Teknik pembuatan gerabah pada umumnya menggunakan teknik putar tegak, tetapi ada teknik unik yang ada di salah satu desa di Kabupaten Klaten, teknik yang digunakan yaitu teknik putar miring atau warga lokal disana mengenalnya dengan teknik Perbot Miring. Perbot Miring merupakan teknik pembuatan gerabah yang ada di Klaten, tepatnya di Dukuh Pagerjurang, Desa Melikan, Kecamatan Wedi.
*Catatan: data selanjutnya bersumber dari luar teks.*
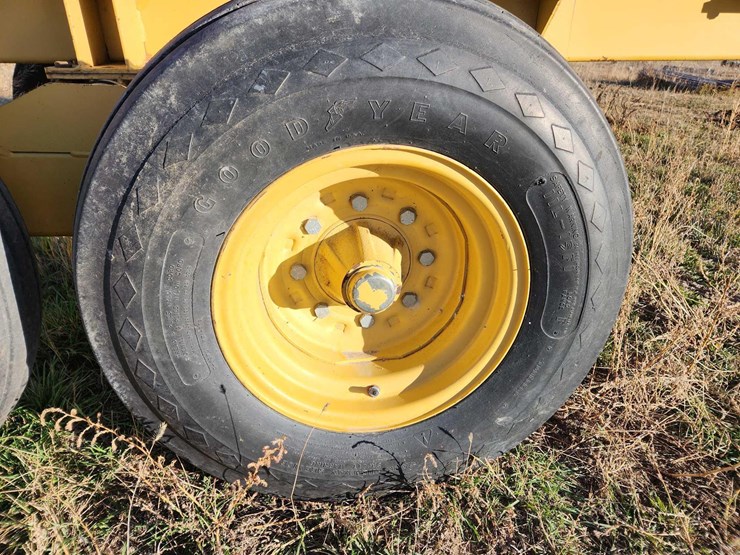 2000-vermeer-bm700-image-11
Teknik ini termasuk warisan budaya nenek moyang yang sudah ada sejak dulu dan masih dilestarikan hingga kini.
Gerabah merupakan kerajinan tradisional yang terbuat dari tanah liat dan kemudian dibakar dengan bakaran sederhana.Perbot miring terbuat dari batang kayu jati atau kayu mahoni menggunakan tali untuk memutar diikatkan pada sebilah bambu, lalu pengrajin duduk diatas bangku kecil untuk memutar lempengan dengan mendorong pedal menggunakan kaki bagian dalam.
Dan konon uniknya Perbot Miring diciptakan khusus untuk para wanita zaman dahulu, mereka menggunakan Kebaya dan Jarik sebagai pakaian tradisional untuk menjaga kesopanan. Jarik dililitkan menutup tubuh bawah. Maka dari itu Perbot Miring dibuat sedemikian agar dapat diputar dengan posisi miring.
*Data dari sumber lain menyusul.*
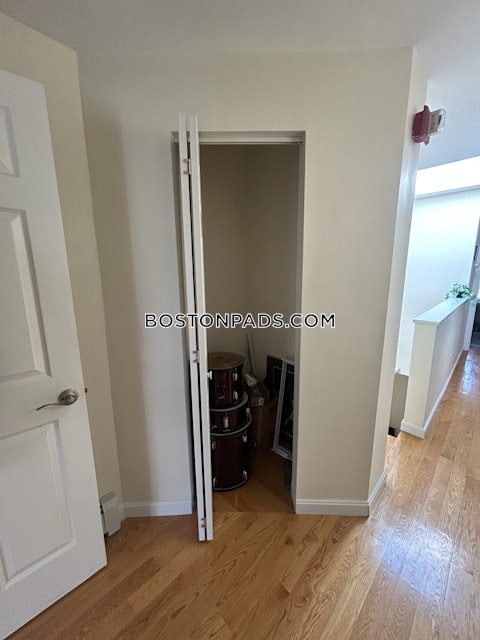 Dudley St. Boston photo 11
“Jadi antara pikiran, tangan dan kaki harus fokus, itulah seni nya membuat putaran miring tersebut.” Ucap Penggerak Desa Wisata Gerabah, Sumilih, Kamis (11/1/2024).
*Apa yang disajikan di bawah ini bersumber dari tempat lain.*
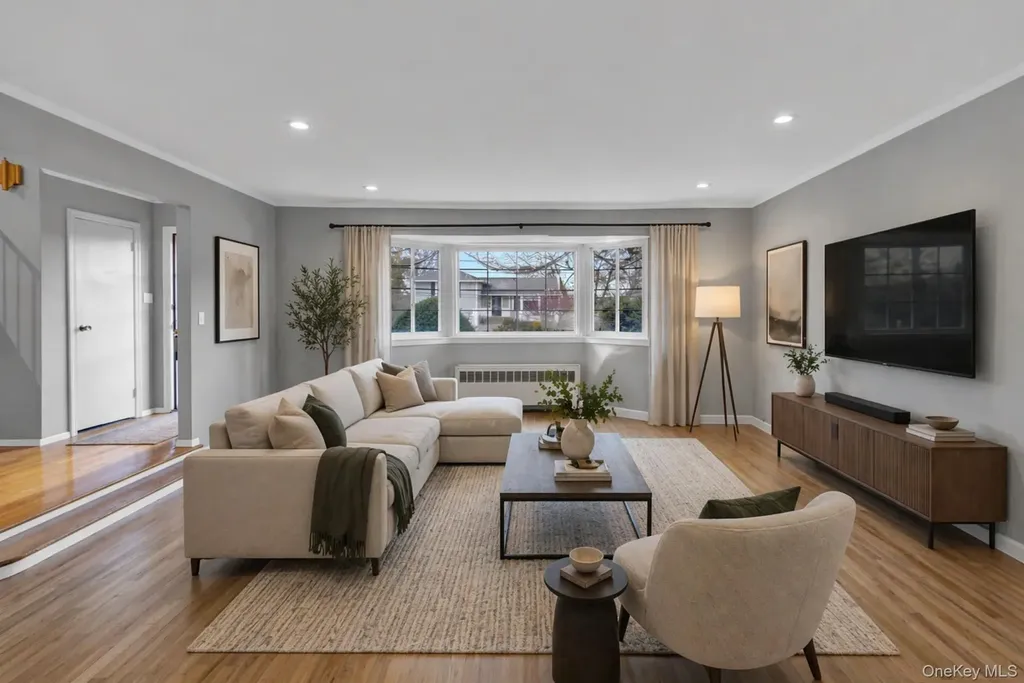 25 Lake Shore Boulevard Massapequa NY 11758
Tetapi seiring berjalan nya waktu teknik Perbot Miring bisa digunakan oleh siapa saja baik pria maupun wanita.
Bedanya dengan teknik Perbot Tegak adalah teknik yang berbeda, bedanya yaitu perbot tegak memutar menggunakan tangan sementara perbot miring menggunakan kaki yang dimiringkan untuk mendorong pedal. Ada juga alat yang pastinya juga berbeda serta kegunaannya, Perbot Miring hanya digunakan untuk membuat gerabah-gerabah kecil seperti wadah sambal, cangkir, piring dan lain sebagainya, sementara yang Perbot Tegak untuk membuat gerabah-gerabah besar seperti gentong, padasan, guci dan lain sebagainya.
Terkait dengan pelestarian budayanya di era globalisasi dan modernisasi ini, masyarakat disana yakin bahwa budaya teknik perbot miring tidak akan punah, karena sejak kecil mereka sudah diajarkan untuk membuat kerajinan gerabah. Dalam naluri keluarga disana sudah terbentuk karena memang mata pencaharian mereka dari Gerabah tersebut.
“Saya sering membantu orang tua membuat gerabah dirumah, Tetapi saya punya keinginan lain selain membuat gerabah.” Tutur salah satu Pemuda, Egy Arya, Kamis (11/1/2024).
Sama halnya budaya yang mati tanpa penerus, kalau bukan kita anak muda para penerus bangsa. Siapa lagi yang akan mewarisi budaya ini?, pepatah jawa mengatakan “Nguri – uri budoyo jawi” saling menjaga mewarisi budaya.